Le ton était mal aimable, presque accusateur. Peter s'empressa de la rassurer comme il le pouvait, mais elle garda un air soupçonneux et peu convaincu. Il essaya de lui montrer que tout était normal en se forçant à boire à nouveau un peu de café : résultat toujours aussi nul, mais elle finit par retourner à son journal, ce qui lui permit de reprendre là où il s'était arrêté.

Non, non, non. Ôte-toi ça de la tête. De toutes façons, ce n'était qu'un rêve. Il fut soudain frappé par une évidence. Mais bon, d'un autre côté, si j'étais vraiment sincère, je ne devrais pas dire que c'était un cauchemar ? Tous les psys du monde pourront m'expliquer que c'est une manifestation de mon inconscient, que je me défoule comme ça et que ça n'a aucun incidence sur la vie normale, qu'on a tout à fait le droit de tuer sa belle-mère en rêve, que c'est signifiant mais que ça ne veut pas dire que je vais nécessairement passer à l'acte... quand même. C'était un rêve ou un cauchemar ? Poser la question, c'est peut-être déjà donner la réponse : si c'était un cauchemar, je n'y penserai pas autant et, surtout, pas avec tant de délectation. Enfin, bref, ça n'a pas d'importance : je vais bien. Oui, je vais bien. Je-vais-bien.


Sa femme se leva en soupirant pour aller prendre sa douche et sortit en jetant un coup d'oeil méfiant à son bol encore aux trois quarts plein de café. Il la regarda quitter la pièce.

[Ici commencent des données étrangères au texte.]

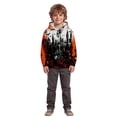 thumbnail image 4 of Kids Halloween Graphic Print Pullover Hoodie, Long Sleeve Hooded Sweatshirt with Pocket, Regular Fit Spooky Top for Boys Girls Fall Winter Daily Outdoor Party(Orange1,7-8 Years), 4 of 4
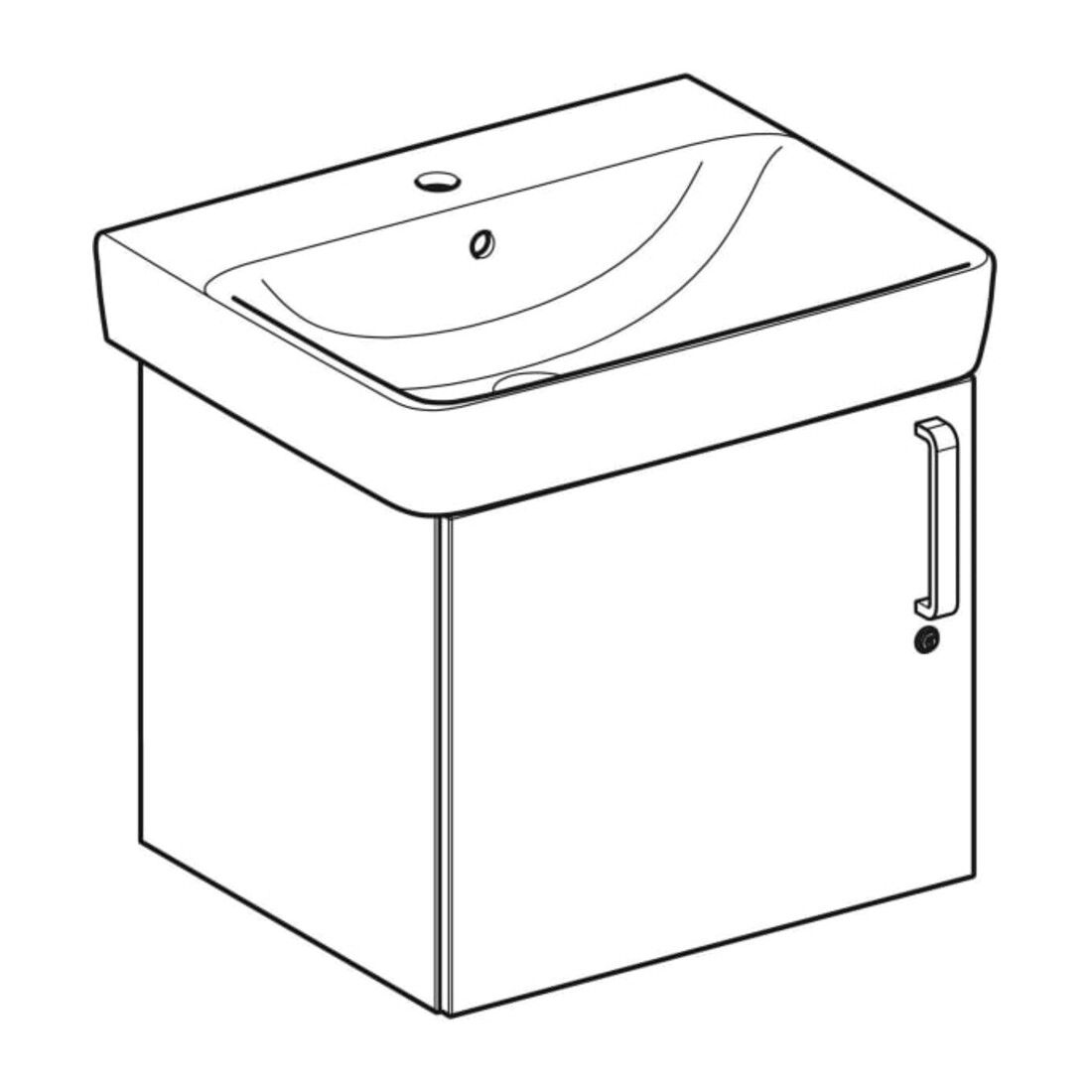 Geberit Lavabo Bambini 59,5x56,3x48,3 cm, avec US, HL, blanc/laqué, ma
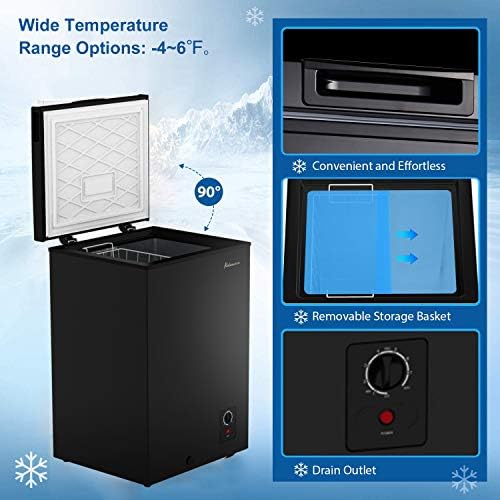Kalamera. 3.5 Cu.ft Chest Freezer-Freestanding For Home/Apart With Lowest -4℉ Black, KCF-100-SS - Image 4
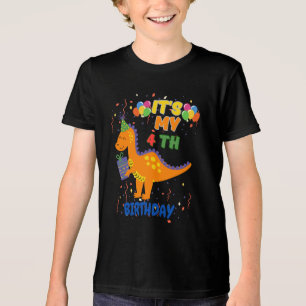 Spaß 4. Geburtstag Dinosaurier Party T - Shirt für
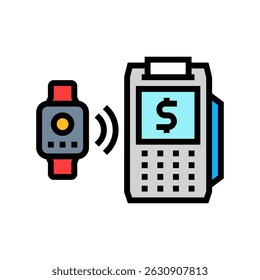 contactless wearable payment fintech color icon vector. contactless wearable payment fintech sign. isolated symbol illustration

Dieu merci, ce n'est pas sa mère que j'ai épousée. On n'épouse pas la famille de sa conjointe. Voilà une pensée réconfortante. Bon, d'accord, on doit les supporter par amour pour elle, sans doute aussi par masochisme et abnégation, mais, au moins, on n'est pas marié avec eux. En plus, Wendy fait mentir le dicton "telle mère, telle fille". Ses yeux tombèrent sur le journal, le bol vide et les miettes de pain qu'elle avait laissés sur la table. Encore que. Ces dernières années, son caractère ne s'est pas précisément amélioré. Ça fait quoi ? cinq ans ? six ans ? qu'on est mariés ? Et quelques années de plus qu'on se connaît. Or, s'il y a bien une chose que je peux affirmer à son propos, c'est que son caractère ne s'adoucit assurément pas avec l'âge. Bien au contraire. Je me demande bien ce que j'ai pu faire ce matin pour la mettre de mauvaise humeur. C'est quoi ? Mon café ? Mon sourire abruti ? Et alors ? Je n'ai plus le droit de sourire comme un abruti, maintenant ? Il poussa un soupir profond et quelque peu désespéré. Quand je pense à comment je m'imaginais la fille de mes rêves, étant ado. Merde ! rien à voir avec elle. D'abord, j'ai toujours été fasciné par les Espagnoles. Ou les Italiennes. A moins que ce ne soit depuis que je vis avec Wendy, mais en tous cas, les blondes fadasses, j'en ai ma claque. Je veux du feu, moi, de l'énergie. Du piquant. Il se mit à imaginer la fille en question. Grande... très brune... un corps de rêve... un caractère explosif... une bombe au lit. Tout le contraire de Wendy. De toutes façons, tout ça, ce ne sont que des clichés et des fantasmes. Mais les fantasmes, c'est bien aussi, n'est-ce pas messieurs les psys ?

Drrrriiiiiiinnnng !!!!!

Sa femme hurla "téléphone !!!" depuis la salle de bain. Comme s'il ne l'entendait pas, alors qu'il était juste à côté... Il se leva et décrocha. "Monsieur Panician ? Bonjour ! Nous sommes la société de meubles Toupourlamaison ! Nous vous appelons pour vous informer que si vous venez en couple, dans notre magasin, samedi prochain, d'incroyables réductions et crédits vous attendent, sur les canapés, les..." Sans rien dire, il lui coupa le sifflet en reposant le combiné. Non, merci. On s'est déjà endettés sur quinze ans pour acheter ce putain de pavillon de banlieue, pas besoin en plus de se coller un crédit à la consommation sur le dos. Déjà que la voiture va bientôt nous lâcher... Alors là, vraiment, non merci. De toutes façons, je déteste les démarcheurs au téléphone. Ce devrait être interdit. Ces types sont la huitième plaie d'Egypte. Il aperçut sa femme sortir de la salle de bain. Ah non. Rectification : la neuvième. Avant, il y a les femmes en bigoudis. Il eut une vision de sa belle-mère avec ses infâmes rouleaux roses sur la tête et un masque à l'argile qui la faisait proprement ressembler à un Martien. Son visage prit aussitôt une expression ironique, qui devint douloureuse l'instant d'après, lorsque le visage en question se changea en celui de sa femme, avec quelques années de plus.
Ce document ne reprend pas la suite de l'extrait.